While Indonesia almost caught up with Singapore in terms of deals and funding this year, the rest of the region remains way behind. Data from CB Insights through Sept. 6 show Malaysia, in third place, attracted less than a quarter of the money that leader Singapore received. Some of those funds will flow over borders as startups like GrabTaxi Holdings Pte and Lazada Group SA spread their wings, but it's not the same as seeding new companies.
- China's Influence Grows
It would be a stretch to blame Chinese companies like Alibaba Group Holding Ltd. or Didi Chuxing for the continued inequality of funding. But as they keep throwing their cash around, we'll see the big Southeast Asian startups get even bigger. Grab and Lazada are such examples. Some market watchers say Alibaba and Tencent Holdings Ltd. are beginning to carve up the region's startup ecosystem.
If I were to take an optimistic view of this, then I'd say that more interest and more money can help the region develop. Alibaba and Tencent are without a doubt leaders in social, e-commerce and payments, thus any technologies and know-how they bring could help spur local startups.

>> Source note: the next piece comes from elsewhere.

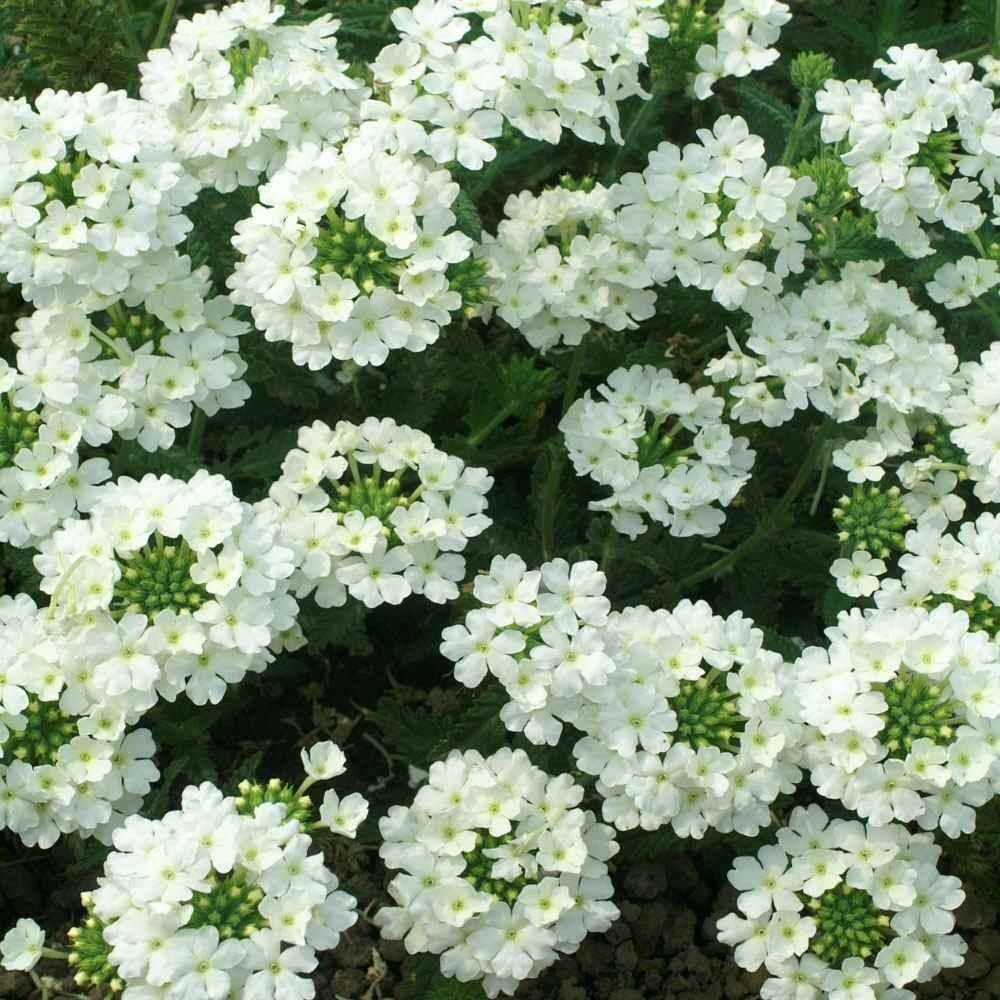 1000 Seeds Verbena Seed – Verbena Hybrida White Ground Cover Seeds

A pessimist would see this as empire building, threatening the opportunity for domestic firms to develop their own technologies and platforms. Technological independence could help stave off Chinese hegemonies just as Asean starts to wean itself off American dominance.
The main balancing force is likely to come from Japan. More specifically, from Masayoshi Son.

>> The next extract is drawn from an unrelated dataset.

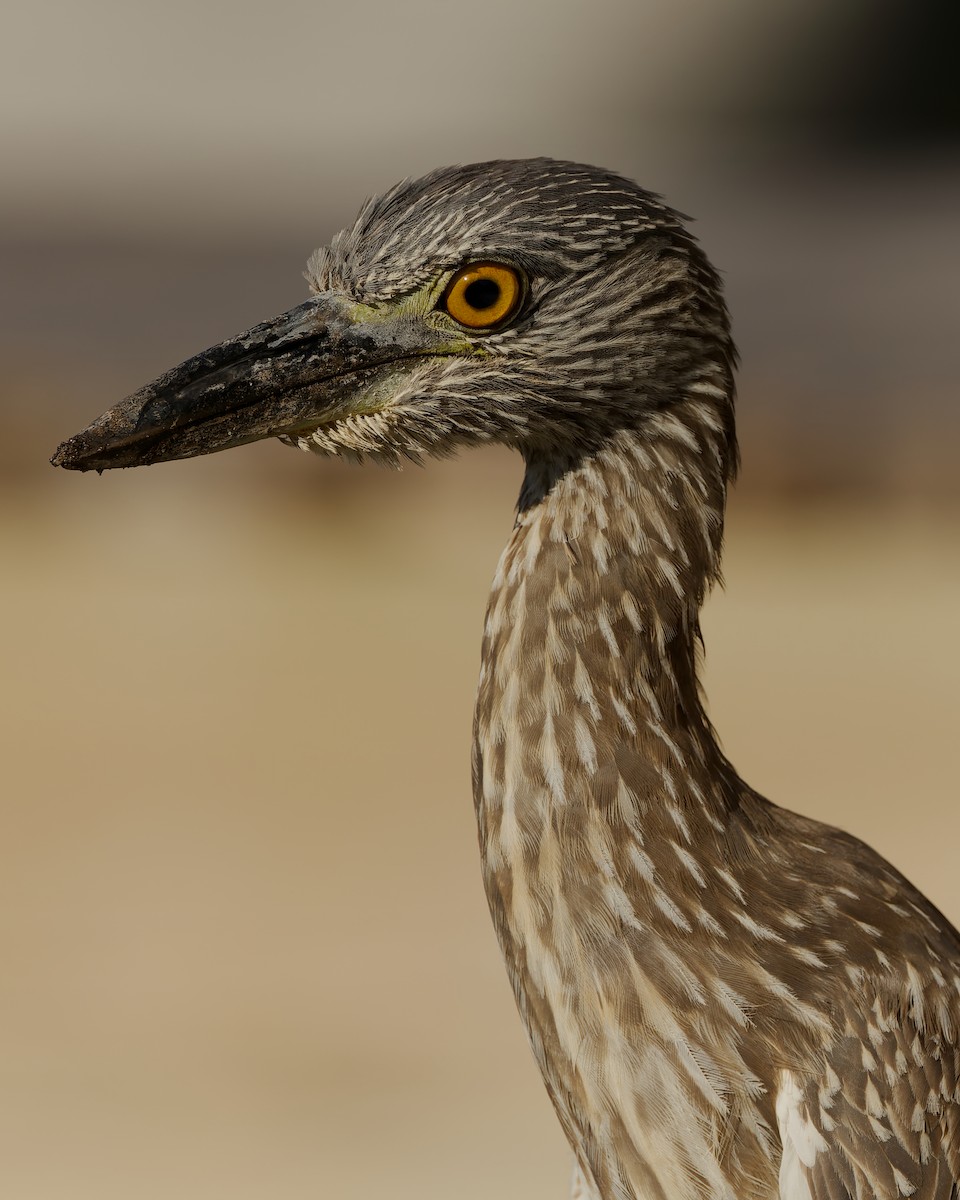 Yellow-crowned Night Heron - ML657478422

SoftBank Group Corp. joined a $2 billion round in Grab in July. The other major investor: China's Didi Chuxing. Meanwhile, Son also has his $100 billion Vision Fund on tap. Son has already shown his willingness to throw that weight around with the bold decision to invest in both Uber Technologies Inc. and Didi Chuxing.
Venture capitalists rarely invest in competing startups due to conflicts of interest. But Son doesn't follow rules, and 2017 highlighted that fact.
His game of chicken with Uber worked -- in November he threatened to invest in Lyft Inc. if Uber didn't play ball. But the same can't be said for his attempts to marry Sprint Corp. off to T-Mobile US Inc. Still, Son's reality distortion field showed Jobsian strength and has allowed him to plow on without concern.
- Games: Hot or Not
Nintendo Co. showed that console games are hip. But IPOs from Razer Inc. and Sea Ltd. (aka Garena) tell a different story. Razer convinced investors that people really do want to buy expensive gaming kits, and Sea made the case for a booming Southeast Asia mobile games market. Post-IPO, however, shares in both have declined and it's starting to look like their stories should be shelved in the library's fantasy section.
- Phone Smarts
Bankers have been selling executives at Xiaomi Corp. on the idea that the company is worth $100 billion. Here's me: ROFL.
Meanwhile, shares of Apple Inc., which takes more than 80 percent of global smartphone industry profit, have begun to decouple from those of its main supplier, Hon Hai Precision Industry Co. Investors in Apple stayed bullish (until this week) while Hon Hai (aka Foxconn) shareholders have been heading for the exit since iPhone X launched. Both can't be right.